Want good safari photos? Get a good guide.

(c) Jenny Carless

(c) Jenny Carless

Some of my favorite photos from Kenya are thanks to my amazing guides. Not only do good guides often know where to seek out the wildlife, but their experience gives them a seemingly uncanny sense of what an animal might do next. That can lead to a great photo.

Case in point: this shot of the leopard with the baby warthog.

During a stay at Kicheche Mara Camp, my guide David spotted (sorry, I couldn’t resist) this leopard in a bushy area among a circle of trees. I took the photo below when we initially found him.

We sat and watched for a while, and we could see that he had some sort of small snack with him, but we couldn’t quite make out what it was. We guessed that it was a young antelope of some sort, but the brush around them made it too difficult to see properly.

(c) Jenny Carless

(c) Jenny Carless

Although I hadn’t noticed a change in the leopard’s behavior or demeanor, David said that he thought the animal was about to move, and he suggested that we drive along the dry stream bed to our right, to try to get ahead of him. Whatever you suggest, I said. (This wasn’t the first time David had set me up for a great photo; I wasn’t going to argue.) So David clicked the engine over and off we went, racing and bumping through the bush.

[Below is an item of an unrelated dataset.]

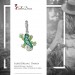 Silberdream SilberDream Glitzer Charm Gecko Zirkonias shiny GSC302 Sonderangebote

He got it right—hence the photo above. David had seen a slight opening in the bush that led down into the stream bed, and he figured that the leopard would probably use that path. He stopped the Land Cruiser a short distance from the break in the bush, and we waited.

But not for long. Just moments later, the leopard ran past, with his snack in his mouth … and it turned out to be a baby warthog.

I love both of these photos—but if it hadn’t been for David’s foresight and speedy driving, I’d only have a photo of the leopard peering out from the bush.

Kicheche Mara Camp is in the Mara North Conservancy, just north of the Masai Mara National Reserve. If you’re looking for excellent guides, look no further than a Kicheche camp.